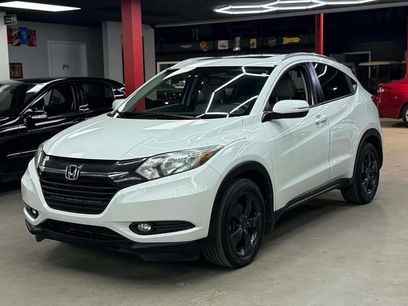 Used 2017 Honda HR-V EX-L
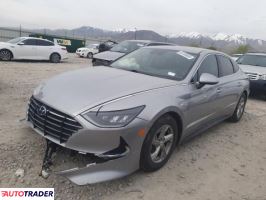 Hyundai Sonata 2021 2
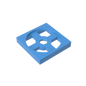 GDS-949 - Turntable 2 x 2 Plate, Base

WHAT TO WORK ON ->
Strip out the pictures and repeat the listing above exactly.

RESPONSE BOX ->
 Used 2017 Honda HR-V EX-L
 Hyundai Sonata 2021 2
 GDS-949 - Turntable 2 x 2 Plate, Base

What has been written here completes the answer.